About this exercise:
Exactly the lines from the one with "com/class/j 7 Overview" through the end of the data below must be set down, and no pictures with them.

Stored data:
|---|
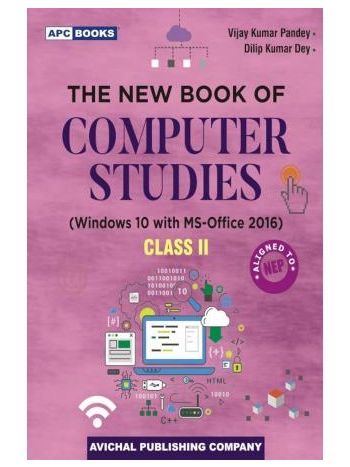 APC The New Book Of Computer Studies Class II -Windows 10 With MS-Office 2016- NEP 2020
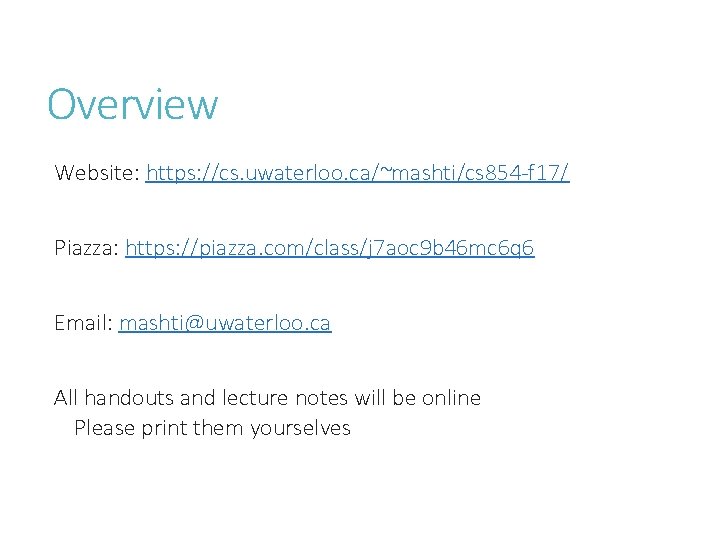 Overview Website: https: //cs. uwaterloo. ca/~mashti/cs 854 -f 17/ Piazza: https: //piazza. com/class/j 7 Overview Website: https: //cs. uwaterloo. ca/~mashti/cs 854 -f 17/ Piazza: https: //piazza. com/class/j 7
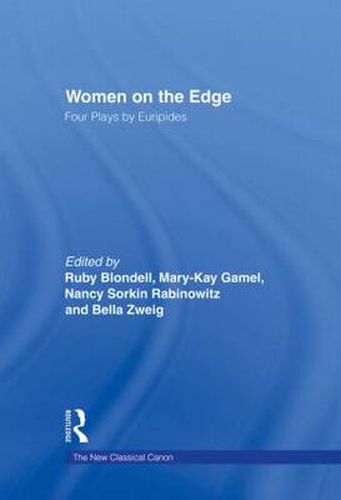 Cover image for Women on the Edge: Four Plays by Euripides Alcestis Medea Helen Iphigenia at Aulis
|---|
Output of the task:
 Overview Website: https: //cs. uwaterloo. ca/~mashti/cs 854 -f 17/ Piazza: https: //piazza. com/class/j 7 Overview Website: https: //cs. uwaterloo. ca/~mashti/cs 854 -f 17/ Piazza: https: //piazza. com/class/j 7
 Cover image for Women on the Edge: Four Plays by Euripides Alcestis Medea Helen Iphigenia at Aulis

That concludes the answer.